# TO DO
Under this line is a listing; return exactly the lines starting at the one with "20 Round Up Road Oroville WA 98844" and running down to the one with "Продам двухкомнатную (2-комн.)", and leave out its pictures.

# SUPPLIED MATERIAL

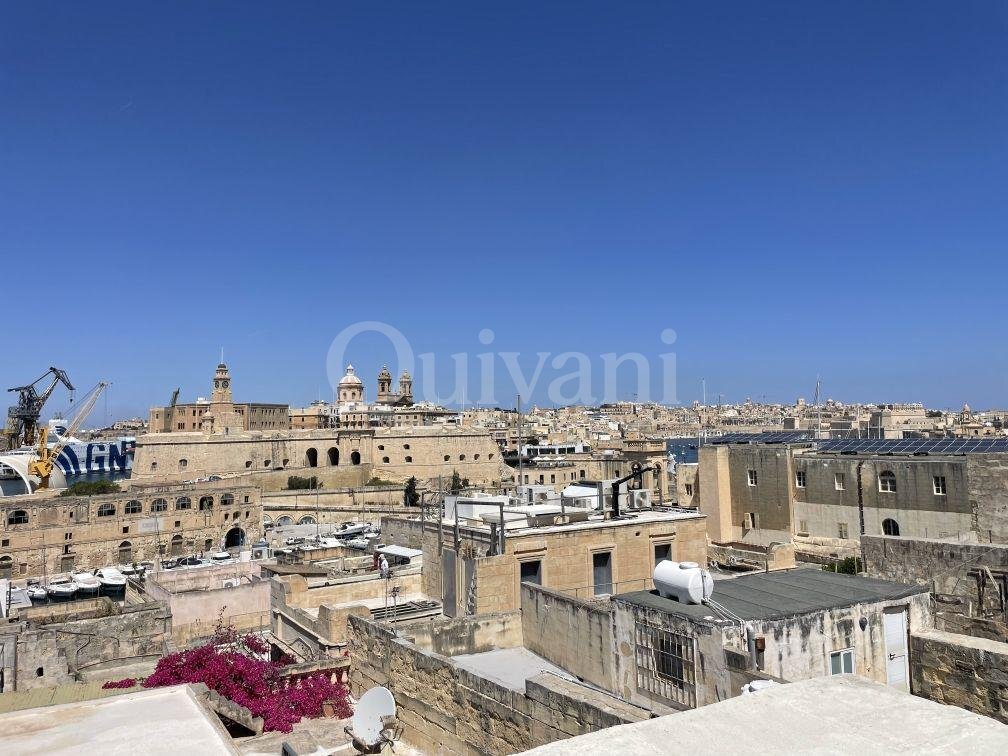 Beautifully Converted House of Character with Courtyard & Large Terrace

---

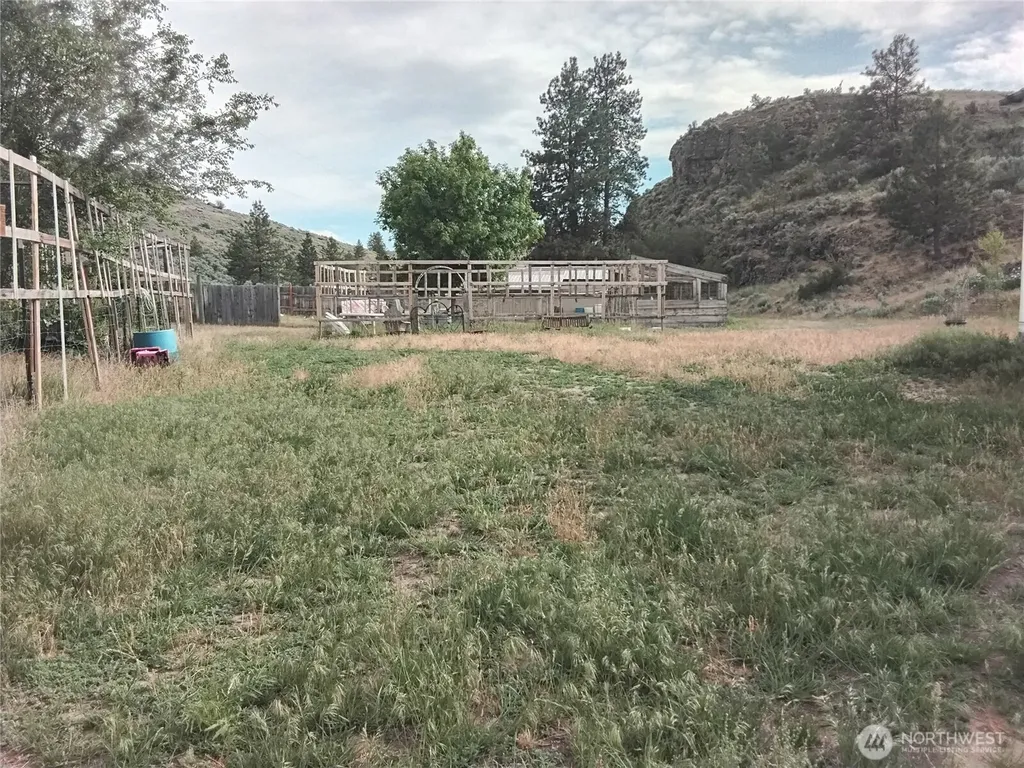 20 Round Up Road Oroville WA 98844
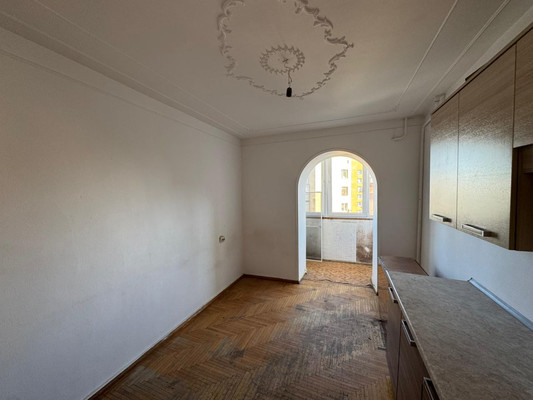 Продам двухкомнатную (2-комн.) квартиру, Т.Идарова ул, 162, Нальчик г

==

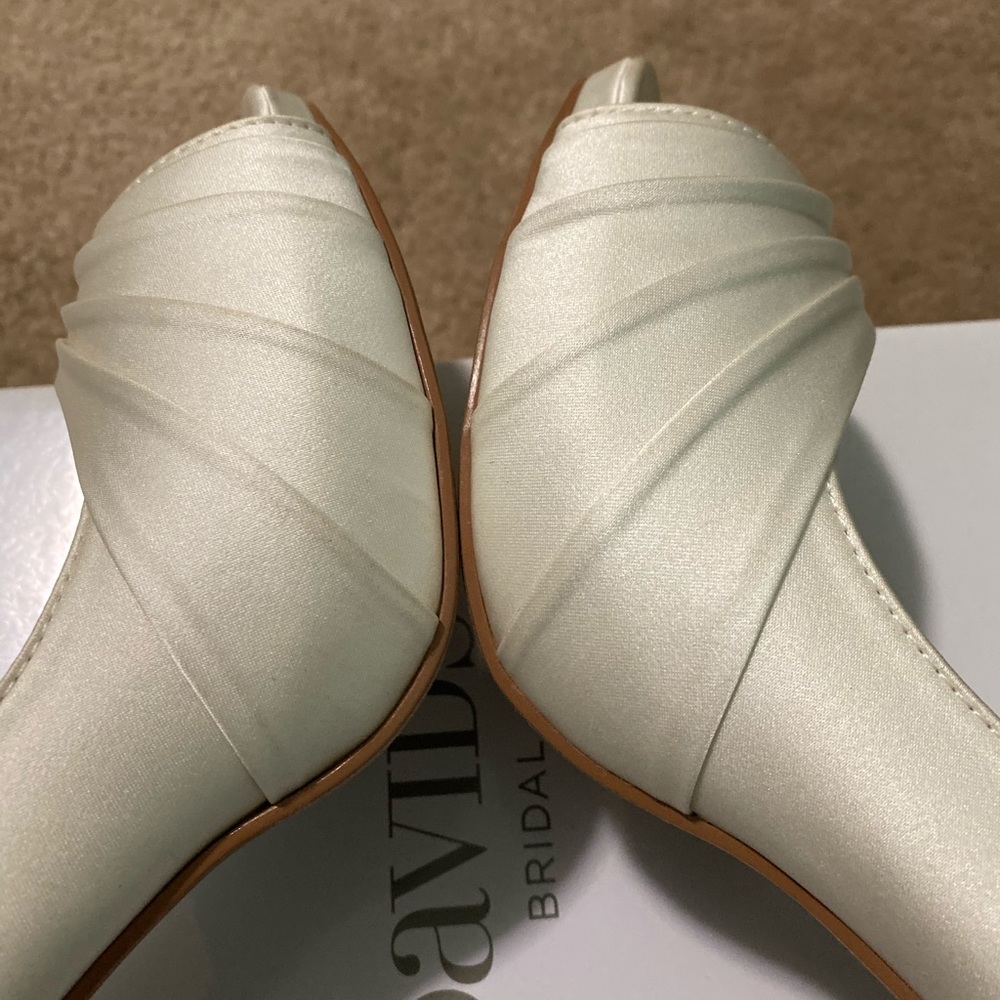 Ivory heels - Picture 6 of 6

# SOLUTION FOR THIS EXERCISE
 20 Round Up Road Oroville WA 98844
 Продам двухкомнатную (2-комн.) квартиру, Т.Идарова ул, 162, Нальчик г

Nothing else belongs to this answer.